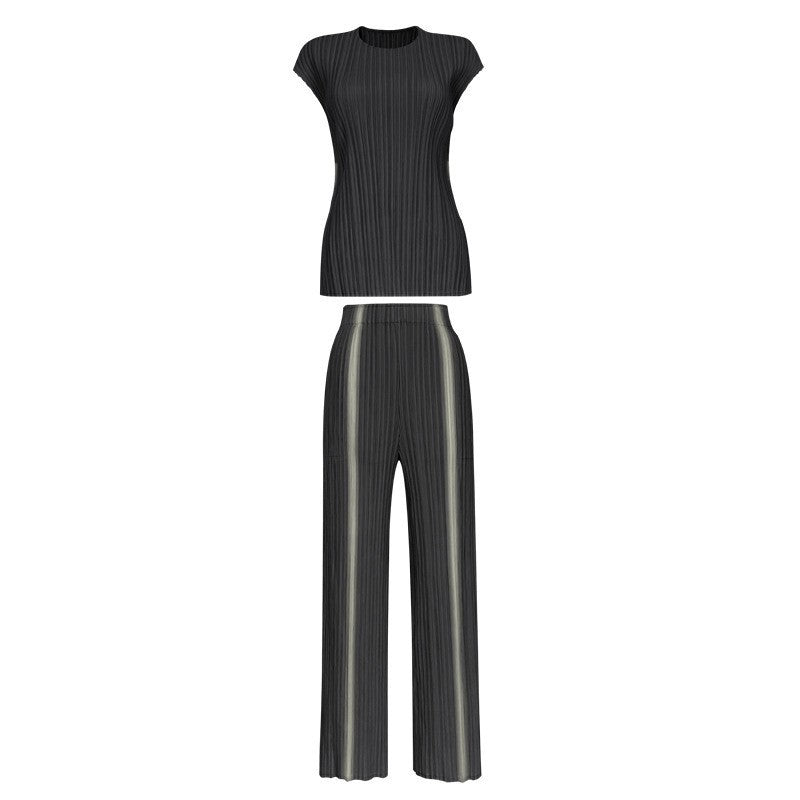 Contrast Color Suit Women's Loose Short-Sleeved Shirt Casual Pants Two-Piece Set Slimming Suit Suit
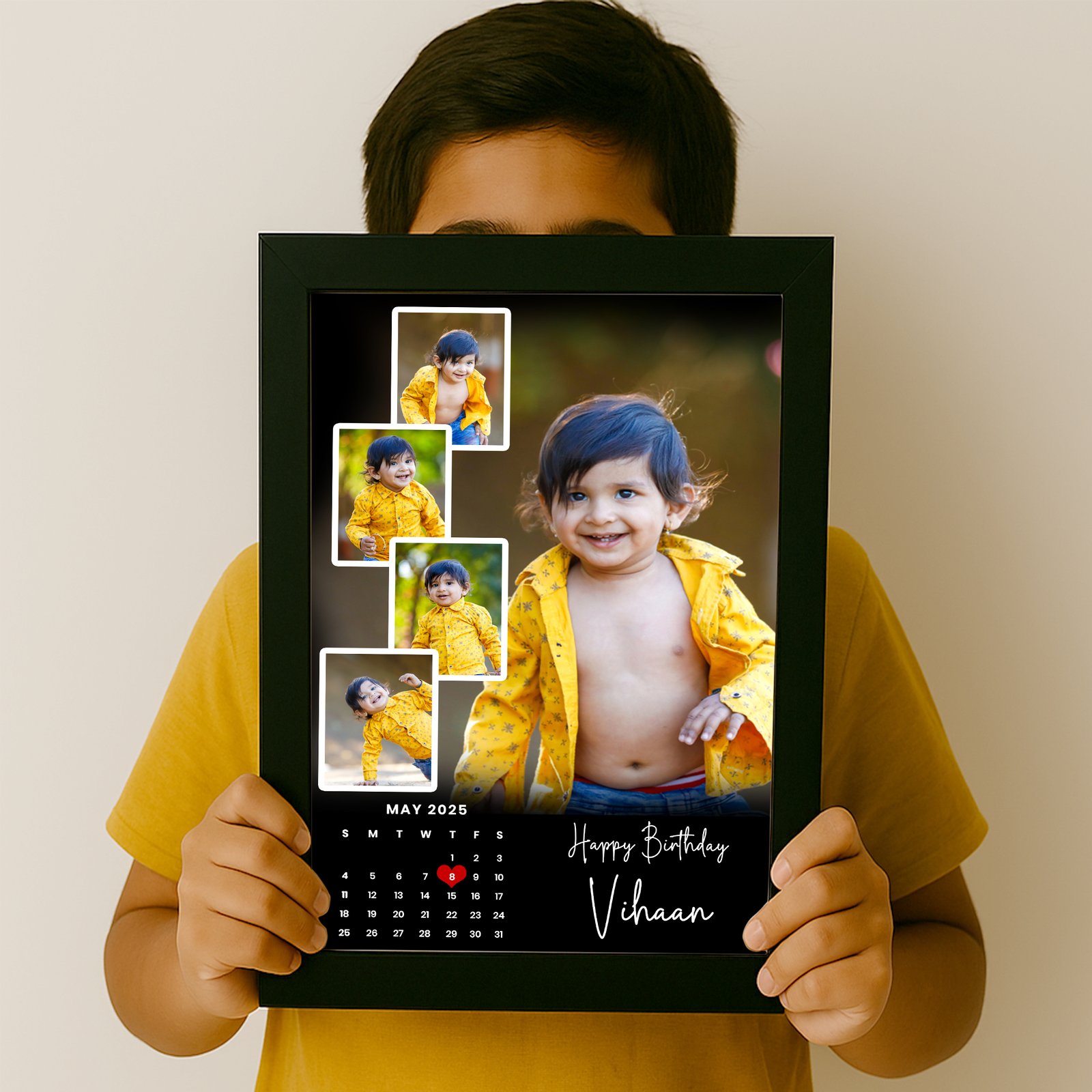 A colorful kids photo frame featuring a playful design with cartoon animals and bright patterns, displaying a joyful photo of a child, suitable for a nursery or child's bedroom.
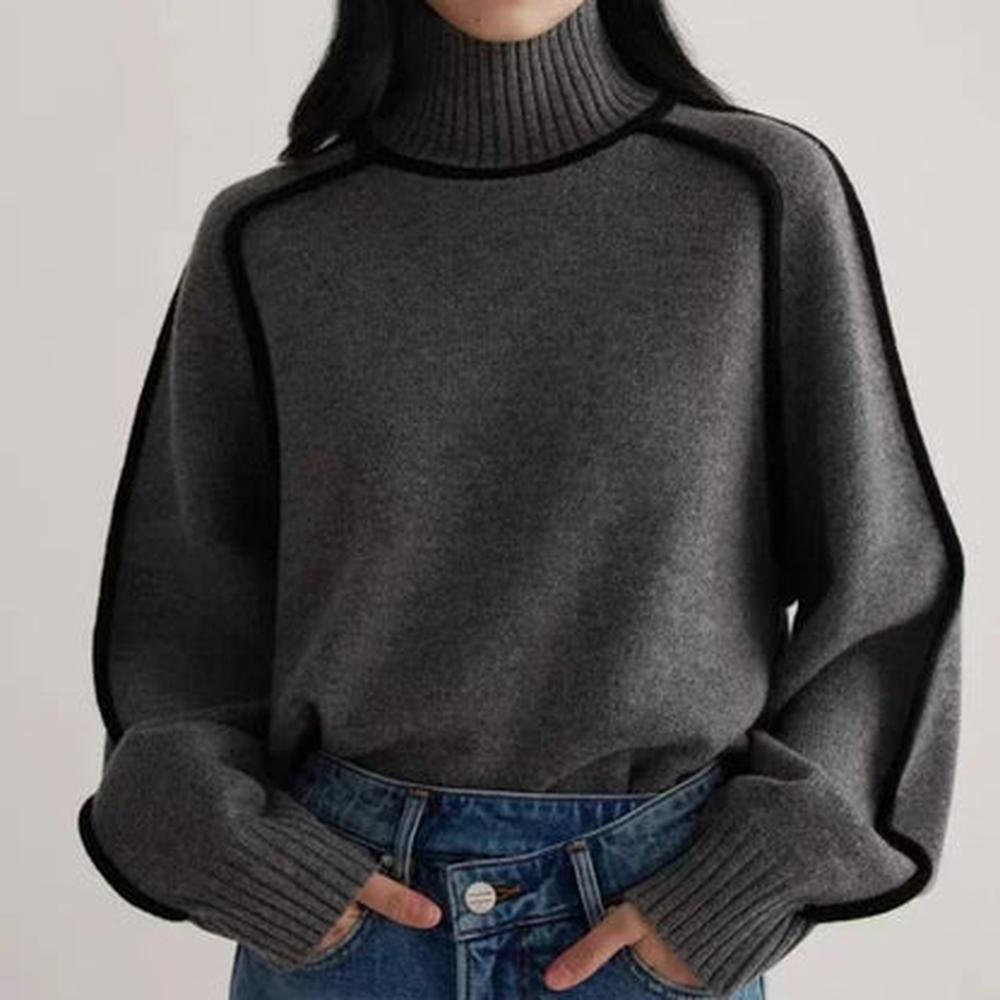 Pull de Noël Femme Col Roulé Oversize en Maille Douce – Confort et Élégance pour l'Hiver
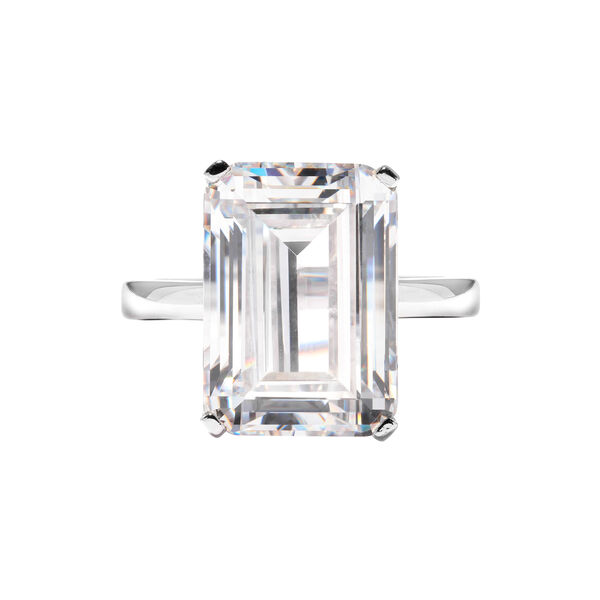 Emerald Cut Ring, clear, Crystal Haze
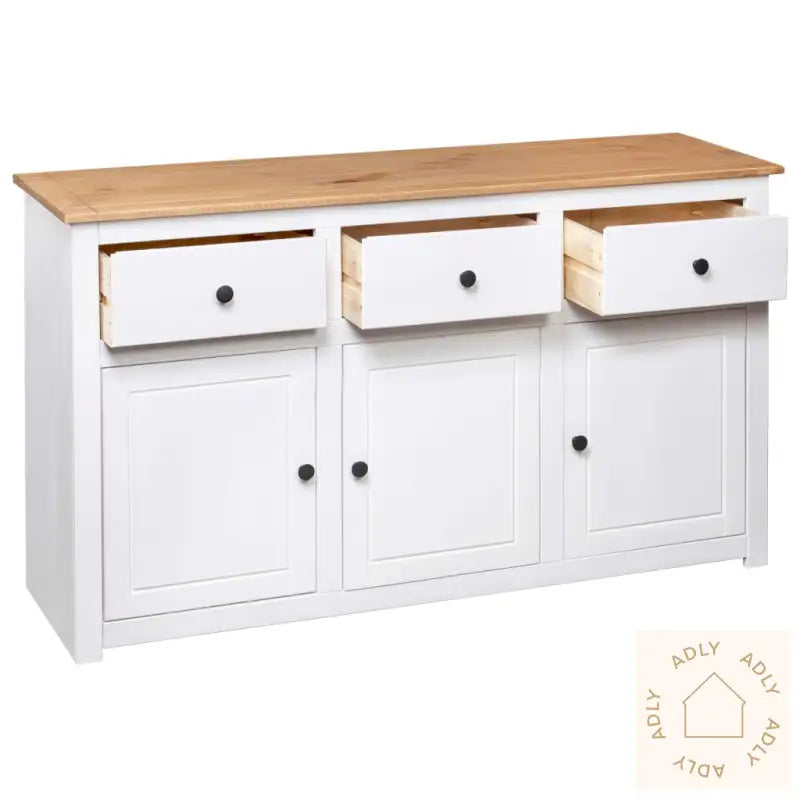 Skjenk Hvit 135X40X80 Cm Heltre Furu Panama Range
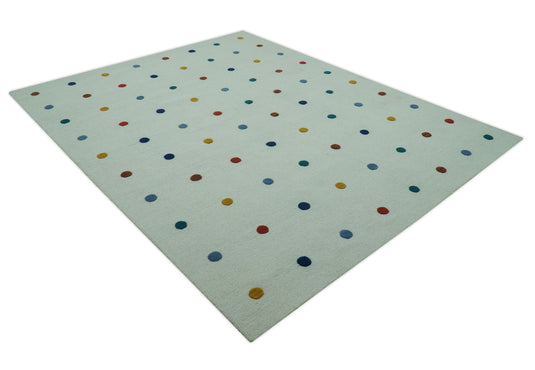 Custom Made Modern Dots White, Gray, Blue, Yellow And Rust Hand Tufted Bedroom, Living Room Rug Wool Area Rug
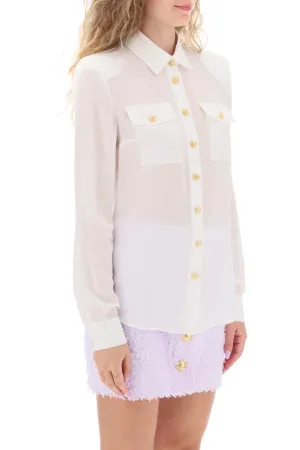 crepe de chine shirt with padded shoulders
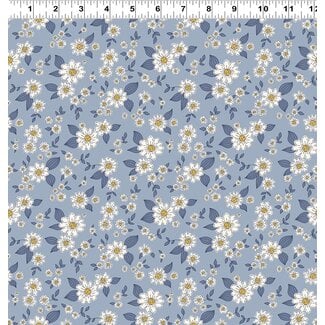 Clothworks Kitten Fun, Y4567-87, Fun Floral, Light Denim, $0.22/cm or $22/m
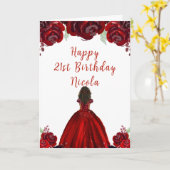 Dark Skin Princess Red Floral Birthday Kaart (Gele Bloem)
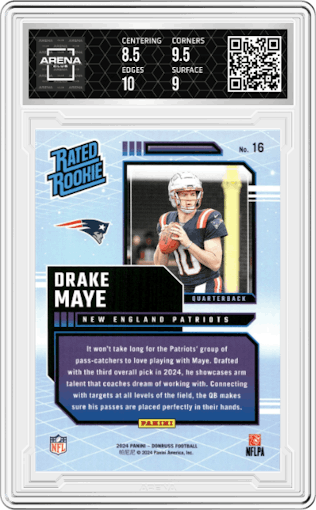 Drake Maye from the 2024 Donruss set graded by Arena Club and given an overall grade of 9.
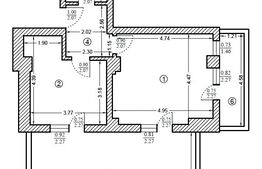Apartament de doua camere semidecomandate, 47mp,  terasa mare si balcon, zona metrou Jiului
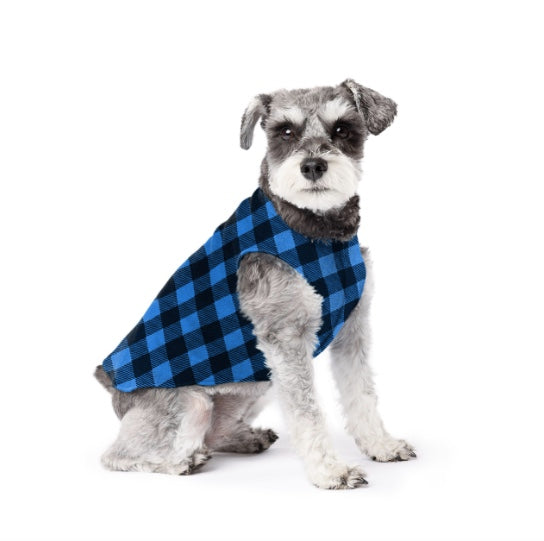 Schnauzer wearing the Buffalo Blue Stretch Fleece.
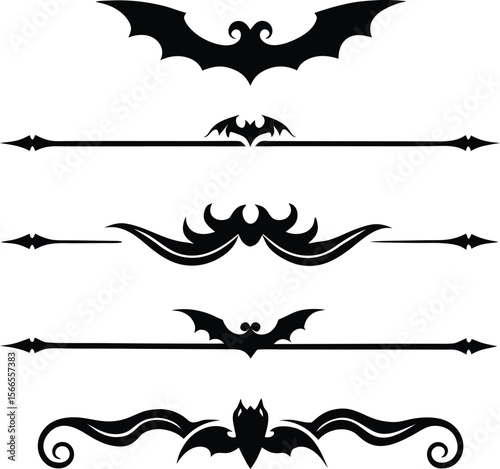 Halloween design elements set of black silhouettes of bats crosses and crosses on a whit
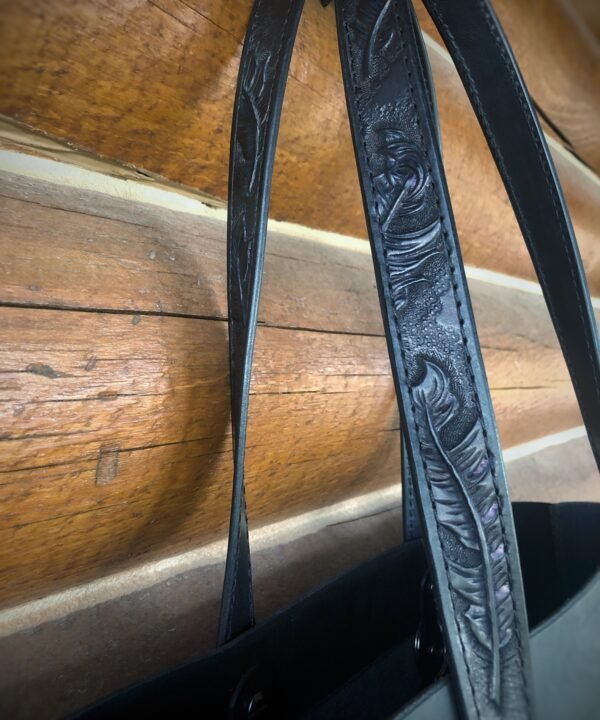 Alternative view of Madison Tote with Dark Feathers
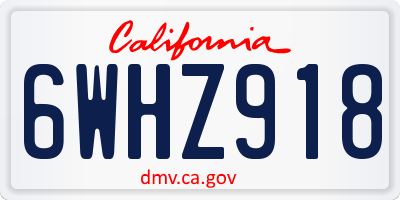 CA license plate 6WHZ918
—————
TASK DIRECTIONS » Pictures do not go in the copy. Write out exactly the lines from the line containing "Schnauzer wearing the" through the last line of the listing.

COMPLETED EXERCISE »
 Schnauzer wearing the Buffalo Blue Stretch Fleece.
 Halloween design elements set of black silhouettes of bats crosses and crosses on a whit
 Alternative view of Madison Tote with Dark Feathers
 CA license plate 6WHZ918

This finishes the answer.